A sign down the street is lit and you instinctively walk that way, like a moth to a flame. The sign was for a hole-in-the-wall book shop, one you are discovering for the first time. You stop and gaze in amazement at all the stacks and rows and piles of novels with names that have never come up in conversation before.

After some time, you finally feel brave enough to reach for a title that has faded beyond any sort of recognition from the binding.

Hours pass in the little book shop. The rain has cleared, but you find yourself enthralled in the words that make you drift far from anywhere you’ve ever been. It is in that moment when you feel the ultimate tug towards something that is unknown and yet powerful enough for you to realize that this unknown thing has been missing all your life: wanderlust.

Scenario two: You walk down the sidewalk, uniformly with the busy crowd. The mist that hangs in the air turns into a down pour.

Thankfully you woke up this morning with the instinctive need to grab your phone off your bed side table and checked the weather, so you grabbed an umbrella. You pull the umbrella from your things with your left hand, because your right hand is dedicated to holding your phone, to which your eyes are currently glued.

You remain undistracted by the rain and the hundreds of people that meander around you on the city block because the entire world has narrowed into the screen twelve inches from your face.

It is in that moment when you feel the ultimate tug towards something that is unknown and yet powerful enough for you to realize that this unknown thing has been missing all your life: wanderlust.

Because you are preoccupied with your latest social media feeds, you unknowingly pass by the small undiscovered book shop, and instead head down your routine path, towards your routine, everyday coffee shop, probably Starbucks. And you stand in line with the other forty, normal, everyday people, all waiting for the same drink.

You grab your drink with your left hand, your phone in your right, and you go on, living your day like every other day without any sort of wanderlust, all because you made a decision when you woke up in the morning. You choose to pick up your phone and have it never leave your side, rather than choosing to actually live a life that is different from everyone else.

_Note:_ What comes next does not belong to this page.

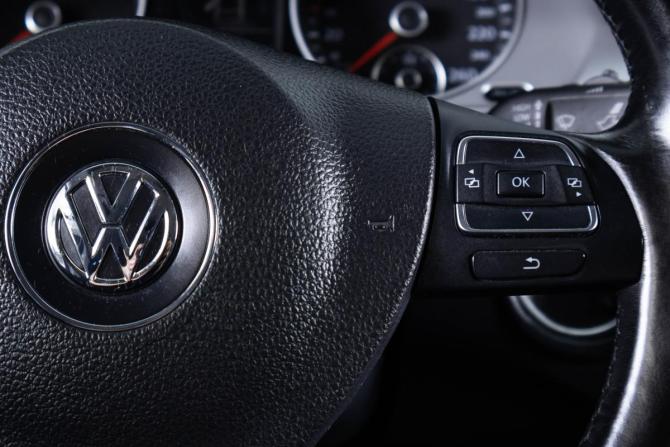 Volkswagen Passat B7 с пробегом 2011 года, цена 899 000 рублей, 180000 км, седан, Автокод Объявления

We live in a time when the life of not being connected to technology is essentially obsolete. It seems that when we make this sort of decision, we are also choosing to forgo any sort of old fashioned ways of wandering and the desire to explore into the unknown.

Virtually exploring and sharing opinions on Facebook or Twitter is incomparable to the possible, perhaps scary, beauty that lies beyond our everyday lives.

We choose to look at the same piece of technology day in and day out, rather than looking at the millions of unknown explorations that lie ahead. We choose to uniformly go to Starbucks, rather than venture into that little book shop that could spark a small flame of wanderlust. But tomorrow, you can choose again—and I hope you choose right.